Closed spficklin closed 4 years ago

spficklin commented 4 years ago

Using the similarity analytic on a standalone machine with 1 GPU and several CPUs, KINC will load balance the chunks across the processors and GPU when using MPI. Without MPI, all of the work goes to the GPUs. Using the chunkrun all of the work also goes to GPUs. When running the test data in the example folder the resulting network has about 36K edges. However, when MPI us used on a machine described above there are about 100 edges that different between the the MPI run and the serial GPU run.

After discussion with with the team it seems this may be caused by some slight differences in the serial and CUDA implementations of the GMM method.

This is perhaps not a major problem because most of the edges are identical and those that are not are a very small portion (perhaps already within the expected error rate) but it should be looked at.

spficklin commented 4 years ago

I should also note, there are about 1K edges that are different just by slight floating point differences.... not a big deal.

bentsherman commented 4 years ago

After a quick look into this, the error is coming from a difference between the serial and CUDA implementations. If you do a single-CPU and single-GPU run you will find that the results are different. Since the chunk run was consistent I think it's safe to say that MPI is not a factor here.

Also should be noted that I used GMM and Spearman, but I will repeat the same runs using only Pearson and only Spearman. In cases where the sample strings were identical but the similarity scores were slightly different, that would be caused by the Spearman kernel. So I will repeat with just Spearman to confirm, and again with just Pearson to see if there are any issues there as well. For cases where the sample strings are different, the cause could lie with GMM or outlier removal. So we should also test with and without outlier removal.

@spficklin This is what I'm going to do, you're welcome to try yourself if you're curious:

bentsherman commented 4 years ago

I ran pearson and spearman by themselves and the CPU/GPU results are still slightly different, that is the correlations sometimes have differences <= 1e-5. That tells me that there are some low-level differences in the floating-point arithmetic.
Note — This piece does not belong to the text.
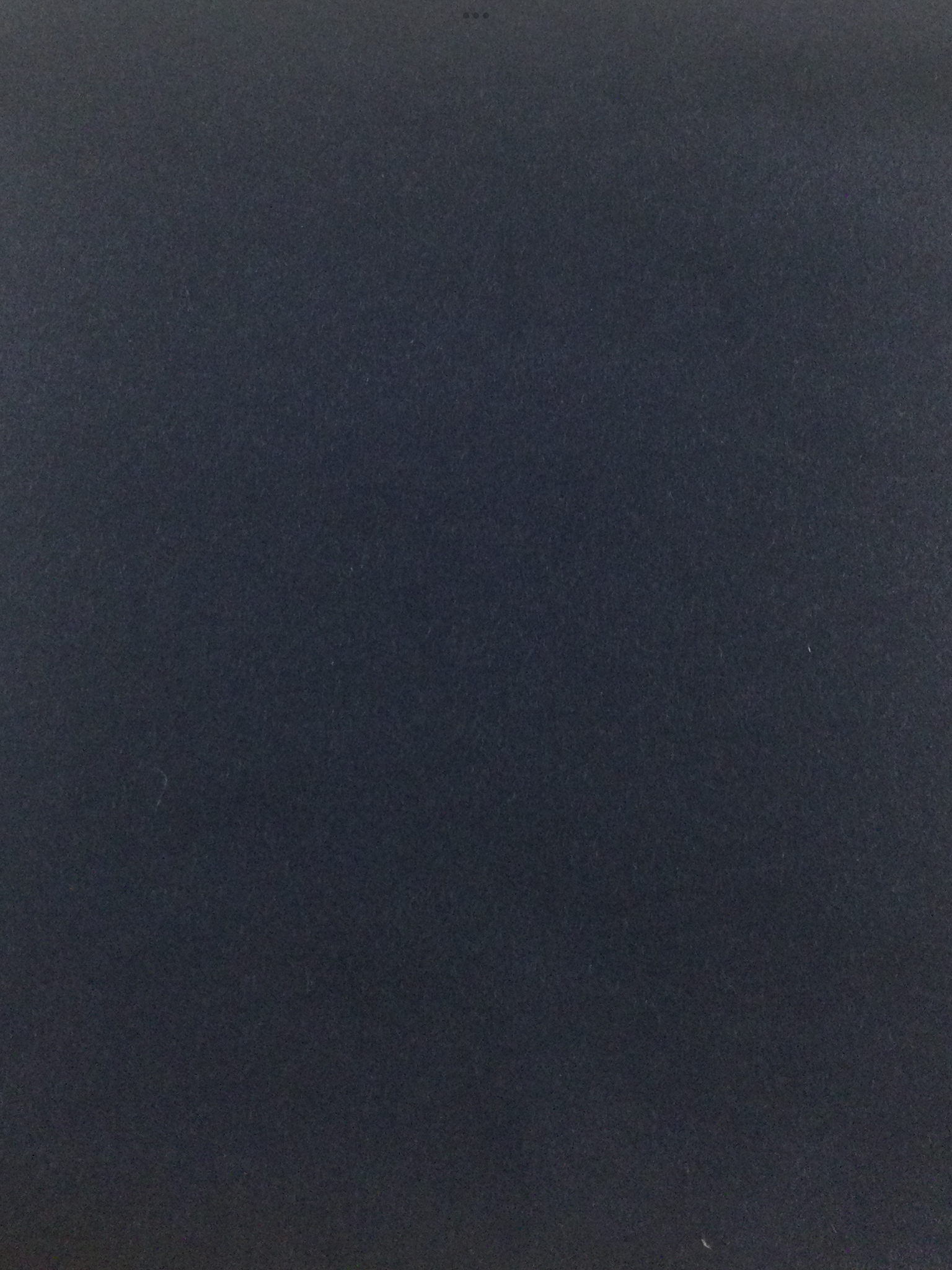 Made in Italy 100% Camelhair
I'm not sure that I can do anything about it. And if there are differences even with pearson, I imagine that the accumulated floating-point differences in the GMM kernel (lots of multiples and adds) could lead to different cluster sizes and sample strings between CPU and GPU. Same goes for the outlier kernel and which samples are marked as outliers.

That being said, my guess is that the gene pairs that differ are probably borderline cases. Not in the sense of having low correlation, but in the sense that they are probably at the boundary of having one or two clusters. @spficklin Perhaps you could make some scatter plots of the differing pairs that you found to see what they look like?

4ctrl-alt-del commented 4 years ago

That seems right to me Ben. Given how GPU architecture works in general and how sensitive GMM is to small differences in floating point arithmetic, this might boil down to hardware limitations in relation to floating point arithmetic never being deterministic across different processors.

spficklin commented 4 years ago

This all sounds reasonable. Closing this out.